Chinese Vice-Premier Liu He last month told tech executives the government supported the development of the sector and will back firms pursuing listings at home and abroad. In another sign of Beijing’s softer stance, China’s ride-hailer Didi Global, which has been under a cybersecurity probe since last year, is in advanced talks to buy a third of a state-backed electric-vehicle maker, Reuters reported on Wednesday.
News of the talks comes after the Wall Street Journal reported on Monday that Chinese regulators are set to conclude their investigations into Didi, which could offer more hope to investors about its recovery.
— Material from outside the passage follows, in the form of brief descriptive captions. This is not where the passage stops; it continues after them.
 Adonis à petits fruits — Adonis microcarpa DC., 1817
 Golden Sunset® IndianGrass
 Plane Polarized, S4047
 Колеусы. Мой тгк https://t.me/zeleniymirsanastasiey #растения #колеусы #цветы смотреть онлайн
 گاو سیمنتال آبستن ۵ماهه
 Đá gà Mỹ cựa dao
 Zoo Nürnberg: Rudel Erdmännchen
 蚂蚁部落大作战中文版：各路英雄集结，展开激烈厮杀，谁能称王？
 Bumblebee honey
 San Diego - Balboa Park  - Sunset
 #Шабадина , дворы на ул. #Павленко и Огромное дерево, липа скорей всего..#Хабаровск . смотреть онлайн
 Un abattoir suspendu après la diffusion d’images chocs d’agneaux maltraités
Bloomberg reported earlier on Thursday that Chinese financial regulators had started early stage talks on a potential revival of Ant’s stock market debut, without mentioning a timeline.
The regulator had established a team to reassess the share sale plans. The CSRC later said in a statement it had not conducted any assessment or research work regarding an Ant IPO. The U.S. listed shares of Alibaba, which owns nearly one-third of Ant, were down 4% after earlier rising as much as 7% in pre-market trading on the Bloomberg report. U.S. private equity firm Warburg Pincus, a big investor in Ant’s 2018 private fundraising, lowered its valuation of Ant to about $180 billion at end-March from $221 billion one year earlier, a separate source said. The regulatory clampdown meant Ant was restructured as a financial rather than tech firm and the financial sector typically carries lower valuations, sources and analysts said. Warburg Pincus declined to comment on Thursday.
“The size of Ant and the IPO will have to be smaller than what was planned in 2020 because the market conditions have changed and cannot be compared to now,” said Dickie Wong, executive director of Kingston Securities in Hong Kong. U.S.-listed shares of Chinese tech and e-commerce firms have gained this week on hints Beijing’s one-and-a-half year long crackdown may be easing, with both ride-hailing firm Didi and Alibaba up by a third each.